Fannie Lou Hamer was born the 20th child in a family that had lived in the Mississippi Delta for generations, first as enslaved people and then as sharecroppers. She left school at 12 to pick cotton and was later subjected without her consent to an operation that deprived her of children. And she was denied the right to cast a ballot in a state in which Black people constituted nearly half the population.
“And so Fannie Lou Hamer lifted up her voice,” said Larson, author of Walk with Me: A Biography of Fannie Lou Hamer. “Starting in the early 1960s and until her death in 1977, she was an irresistible force, not merely joining the swelling wave of change brought by civil rights but keeping it in motion.”
Working with the Student Non-Violent Coordinating Committee, which recruited her to help with voter-registration drives, Hamer became a community organizer, women's rights activist, and co-founder of the Mississippi Freedom Democratic Party. She used her brutal beating at the hands of Mississippi police as the basis of a televised speech at the 1964 Democratic Convention, a speech that the mainstream party―including its standard-bearer, President Lyndon Johnson―tried to contain.
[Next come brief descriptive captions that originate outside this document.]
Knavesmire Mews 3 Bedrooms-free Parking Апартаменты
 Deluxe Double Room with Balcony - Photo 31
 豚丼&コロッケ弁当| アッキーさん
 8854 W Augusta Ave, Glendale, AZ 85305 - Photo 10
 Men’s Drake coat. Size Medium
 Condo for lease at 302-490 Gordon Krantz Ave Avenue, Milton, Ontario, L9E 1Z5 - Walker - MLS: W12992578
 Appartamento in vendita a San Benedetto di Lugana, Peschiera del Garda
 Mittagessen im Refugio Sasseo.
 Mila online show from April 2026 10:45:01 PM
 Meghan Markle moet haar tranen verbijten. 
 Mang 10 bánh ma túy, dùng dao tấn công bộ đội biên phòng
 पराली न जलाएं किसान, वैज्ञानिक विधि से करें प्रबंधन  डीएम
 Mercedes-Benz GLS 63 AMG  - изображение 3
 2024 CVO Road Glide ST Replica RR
Civil Rights veteran Joyce Ladner wrote that Larson’s biography tells the story "of a woman born into the grinding poverty and racism of the Mississippi Delta who rose to become the voice of the unheard and the conscience of a nation. Based on prodigious research and extensive interviews with those who knew Hamer, Walk with Me is a masterpiece of historical scholarship, a layered portrait of an unlikely hero of the civil rights movement who gave her life for freedom."
Kate Clifford Larson’s other books include Bound for the Promised Land: Harriet Tubman, Portrait of an American Hero; Rosemary: The Hidden Kennedy Daughter; and The Assassin's Accomplice: Mary Surratt and the Plot to Kill Abraham Lincoln. She has consulted on feature film scripts, documentaries, museum exhibits, public history initiatives, and numerous publications, and appeared on CBS Sunday Morning, the BBC, PBS, C-Span, and NPR. Larson is currently a Brandeis Women's Studies Research Center Scholar.